Sorry unions, but the teacher has got to go.  And the technology is probably there.  But is there a will and a desire?  Because we're talking something beyond complex.  About breaking concepts down into teachable, repeatable sections where if you can't do what is going on, then you can't move on.  No pass, no advancement.   But like a real teacher, the program has to be able to teach the same subject in dozens of different ways to finally get the point across.   

I think my major desire is because I don't believe the US school system is worth a damn.  I grew up in the public school system.  I found it completely lacking.  The public school system teaches to the middle.  If you are exceptional in either direction in any subject, you get left behind and chewed apart.  I can't complain about class size, because mine were no more than 30 in any class.  I grew up with the same 30 or so people.  I was 9th of a class of 32?  38?  Somewhere in there.  
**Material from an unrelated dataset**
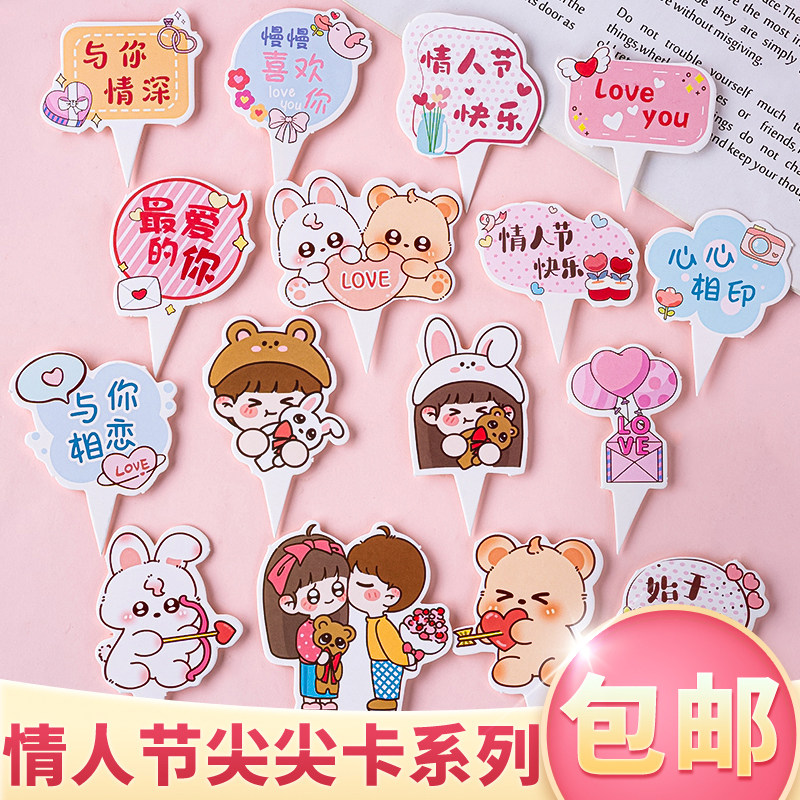 2.14情人节快乐蛋糕装饰尖尖插卡喜欢你love you情侣告白2026插牌,节庆用品/礼品,节日装扮用品,淘宝优惠券,粉丝福利购,淘宝优惠卷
But I made it through without major effort.  I had problems that became huge during college.  Because I was on both ends.  English was a joke.  By eighth grade, I had learned everything they had to teach me.  But math... that was a different story.  I wish I was better at math.  But I wasn't.  I barely passed.  It crippled me.  

But because I had small class sizes...  they passed me.  And they crippled me.  Algebra didn't seem important, and my teachers wouldn't put in the effort.  Now, I wish they had.  Because what I love to do requires math.  Because math is a universal truth.  And English is open to interpretation.  

And now you get where the failing is.  Or maybe you do.  

English: many interpretations.  None is absolutely correct.  
Math: One interpretation.  One answer.  

If the education system refuses to accept there is one correct answer, then they will teach to failure.